Bruniquel Bulletin #3-2014
One of the major complaints of South African employers is that it is too difficult to dismiss employees due to cumbersome legislative processes.
Employers often raise the following concerns:-
- The CCMA does not screen cases, so even dismissals which are fair and have no prospect of being overturned are accepted and put on the roll by the CCMA. The employer has to then spend time and other resources to justify the dismissal.
- In many cases, employers do not have the training or experience to understand that they can separate conciliation from the arbitration process. They then end up wasting time at the CCMA, only to have the matter set down for arbitration on a later date. Witnesses waiting for a Con-Arb will also waste time only to be called back later.
- Sometimes employers incur transport and accommodation expenses in the process.
- In small to medium companies, often the most senior person is involved and this can impact hugely on the business.
- Employers also complain that the Code of Good Practice requires them to spend excessive time in trying to deal with poor performers who are ‘beyond assistance’.
Like it or not, this is the system in South Africa as it stands, so employers need to get smart and learn to work within it.
Paying attention to who you employ is the starting point. Poor selection can result in an employer being stuck with a person who cannot perform the job they were employed to do, has a poor work ethic or who just does not ‘fit in’. It is important therefore to ensure that the selection and recruitment process is designed in a way that will ensure the best possible candidates are appointed.
The Labour Relations Act, Schedule 8, provides for and gives guidelines on probation in employment. From an employee’s point of view, having started a new job, the employee wants to see if he or she is happy with the job and whether he or she fits in with the people.
From the employer’s point of view, probation serves two purposes. Firstly, to ensure that the new employee’s behaviour and work ethic is in line with the employer’s rules and standards. No employer would like to have to employ someone who is constantly absent from work, has no respect for authority or is plain lazy.
Secondly, to ensure that the employee is capable of meeting the requirements of the job – it is a known fact that some people inflate or even lie about their skills and experience on their CV’s.
Probation, as provided in the LRA is therefore designed to ensure that both parties can get out of the contract if necessary, as easily and as inexpensively as possible.
However, employing people is expensive and dismissing them even more so. Therefore, employers need to invest in proper selection procedures and in training management to use them effectively. They also need to implement proper induction processes aimed at enabling new employees to settle in and become part of a team as soon as possible.
Induction also requires that new employees are coached, trained and evaluated so that if a new employee does not meet requirements, this becomes apparent sooner rather than later. It is important to have proper control documents to ensure that the induction process is followed and that the employee’s performance is properly evaluated and corrective action is taken.
Usually induction should be completed within the period of probation. If an employee shows signs of not ‘cutting it’ during induction, then his or her performance and conduct needs to be very closely monitored during the rest of the probation period.
It must be understood that whilst a probation clause allows an employer to correct poor selections it is not a free ticket to arbitrarily dismiss employees.

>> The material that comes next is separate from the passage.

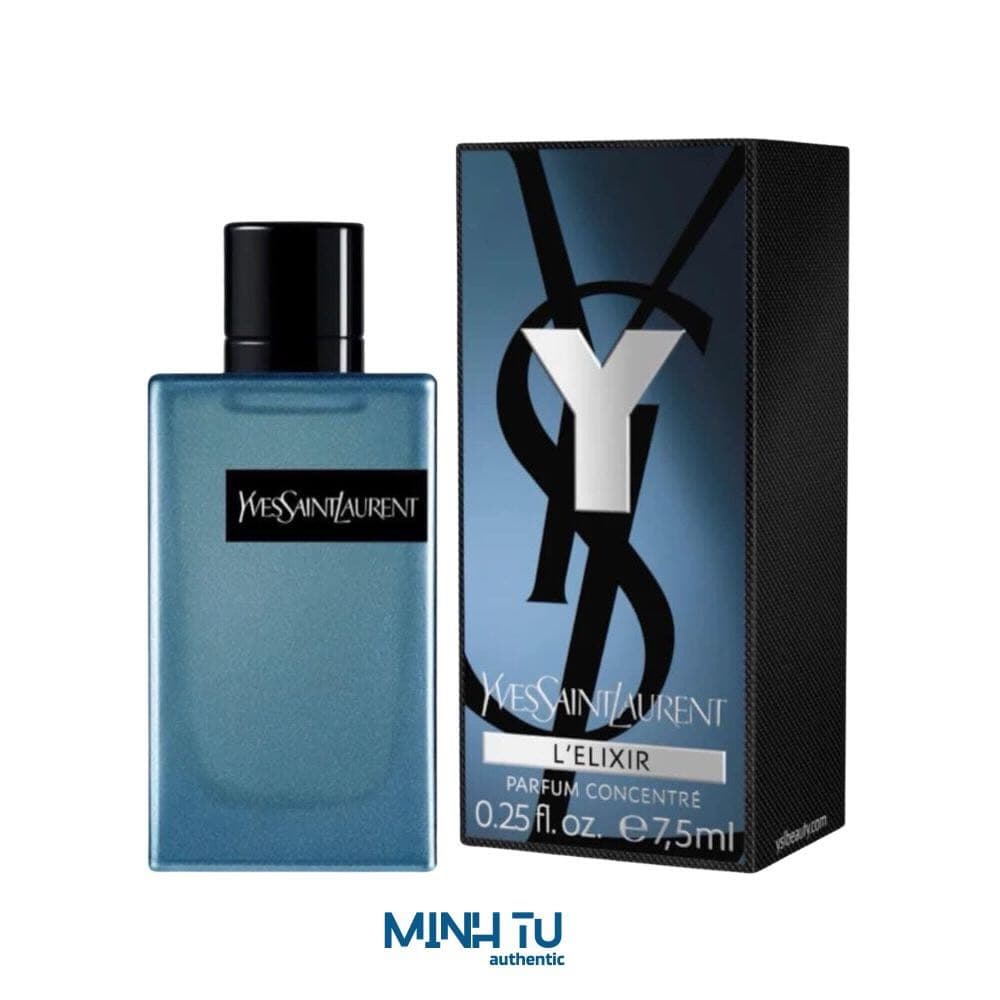Nước Hoa Mini Nam Yves Saint Laurent YSL Y LElixir EDP 7,5ML Chính Hãng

The LRA requires that if an employer decides to dismiss for poor performance or unsuitability during or at the end of a probation period, the employer has to prove:-
- That the employee was made aware of the rules and work standards. This is important as one cannot measure something that does not exist.
- Exactly or precisely what the employee’s shortcomings were. The employer must keep a record of the employee’s shortcomings. This may include poor performance, minor misconduct, customer complaints, etc.
- That there was good cause to terminate the contract of employment. The employer must establish the reasons from the employee for his or her poor performance. The importance of this is that the employer cannot take the appropriate intervention or assistance unless the employer knows what the cause behind it is.
- That the employee has been afforded appropriate training, coaching and guidance. Once the appropriate assistance has been given to the employee e.g. machine maintenance carried out by the maintenance department or the employee sent for training, the employee must be given time to improve and implement the training provided.
- That records were kept of all of the above by way of counselling and warning forms, signed by all parties.
Employees with a longer service
The performance of long service employees does not suddenly deteriorate without a reason behind it. The LRA places a more onerous duty on the employer to establish the reasons behind the deterioration in performance and to take steps to assist the employee to improve. The logic behind this approach is that employers have a human (Ubuntu) responsibility towards employees that have given them good service over the years. It is not right that employees who have dedicated themselves to an employer for years they get tossed out at the first sign of trouble.
The employer needs to establish the root cause of the problem and offer the employee assistance to overcome it – be it alcohol or personal problems. If the employee chooses not to accept that assistance, the employer has no option but to terminate the employee’s services but this must be done fairly.
Regardless of arguments of whether or not labour law is too restrictive, employers need to comply with it. Therefore it is important to understand it and to work within it. Using probation effectively is in everyone’s interests.